Akira Kurosawa is one of the most respected and influential film directors in the history of cinema. In the West, many have come to his films via remakes of such as The Magnificent Seven, based on The Seven Samurai, and Sergio Leones A Fistful Of Dollars, which was a remake of Yojimbo.

His most popular film is undoubtedly The Seven Samurai – a work of outstanding artistry, despite the format restrictions and being severely cut for video release.

It was during the making of this film that Kurosawa developed his multi-camera filming technique.
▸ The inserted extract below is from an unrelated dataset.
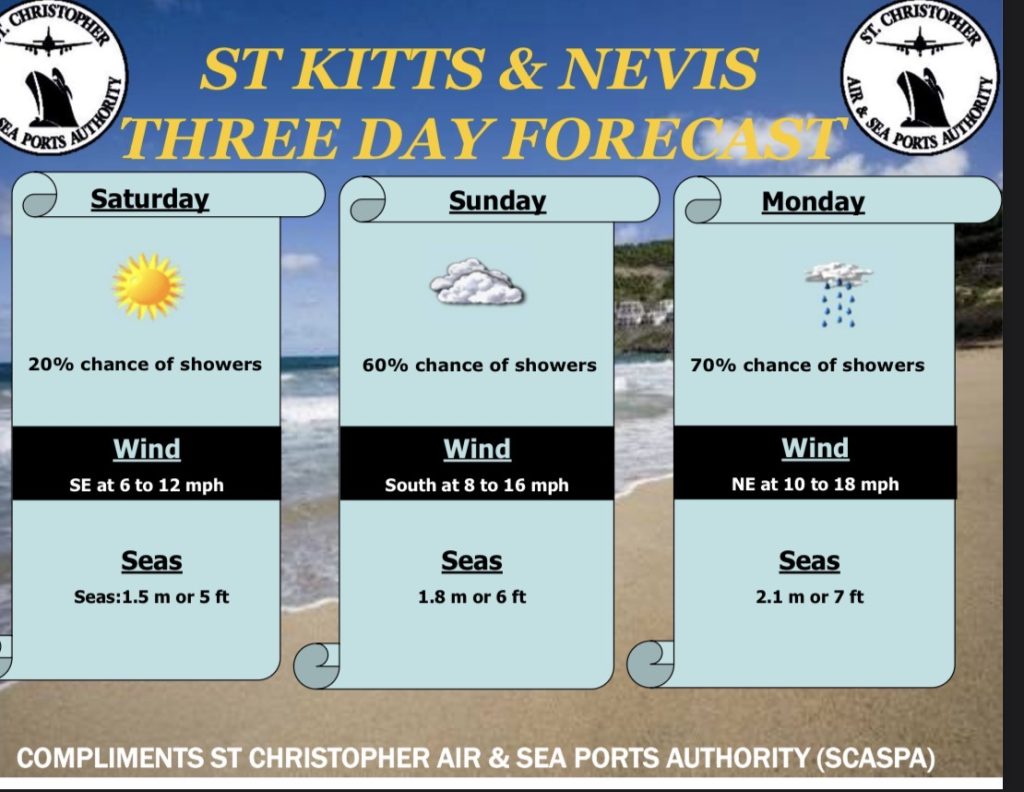 Weather Forecast for St. Kitts & Nevis 7am Update – February 7, 2026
He also earned the nickname “world’s greatest editor” from the crew due to his practice of working late into the night editing during the shoot, rather than the usual practice of spending months in an editing suit after filming.

However, if Seven Samurai is his most popular work, then Ran is undoubtedly his great masterpiece, utilising those techniques and skills painstakingly built up over a lifetime of practice and experimentation.

StudioCanal’s new 4K restoration is both a welcome and timely release – coinciding with the 400th anniversary of William Shakespeare’s death, as well as 30 years since the film’s original UK premier.

Ran is variously translated as meaning “chaos”, “rebellion”, “disturbed”, or “confused”. Tatsuya Nakadai plays the lead role of ageing warlord, Hidetora Ichimonji, who decides to abdicate in favour of his three sons. The story here departs form Shakespeare’s telling in many ways, not least in the gender of the warlord’s siblings.

Kurosawa was co-writer on the film, not just its director, and claimed inspiration for Ran from a warring states period tale about the warlord Mori Motonari. Only later did he realise the similarities with King Lear. Clearly it’s a classic plot; Shakespeare was reusing the story himself. And Ran is not Kurosawa’s only film to be influenced by the Bard. 1957’s Throne Of Blood was his take on Macbeth.

At the time, Ran was the most expensive film ever made in Japan with a budget of $11 million that allowed Kurosawa to bring some dazzling cinematic sweeps to the screen. The flow and movement of colour in the battle scenes are almost like a moving abstract painting. A ballet of shapes and vivid pigments. The brutality of the conflict, depicted with heart-aching beauty, makes a stark contrast, perhaps echoing the obsession of medieval Japanese Samurai culture with both beauty and death.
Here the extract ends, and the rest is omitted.